STORED DATA
________

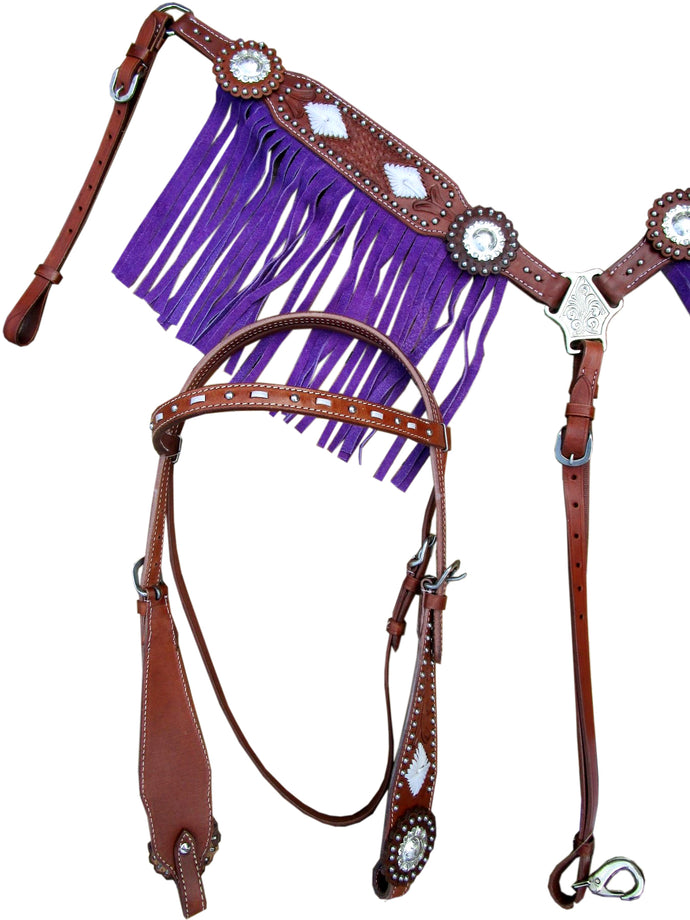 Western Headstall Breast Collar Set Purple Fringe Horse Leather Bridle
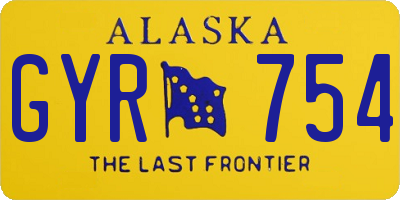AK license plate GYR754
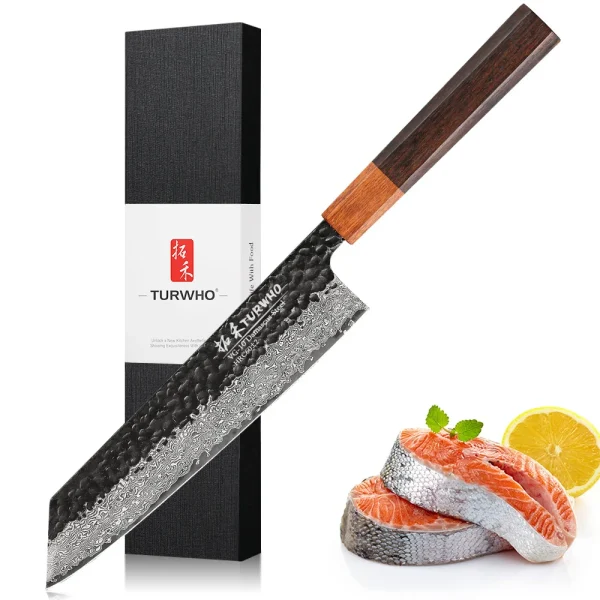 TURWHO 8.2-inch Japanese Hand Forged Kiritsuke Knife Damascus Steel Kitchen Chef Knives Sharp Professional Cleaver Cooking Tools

________

ACTIVITY
Repeat, exactly and in full, all the material above except its pictures.

TASK ANSWER
 Western Headstall Breast Collar Set Purple Fringe Horse Leather Bridle
AK license plate GYR754
 TURWHO 8.2-inch Japanese Hand Forged Kiritsuke Knife Damascus Steel Kitchen Chef Knives Sharp Professional Cleaver Cooking Tools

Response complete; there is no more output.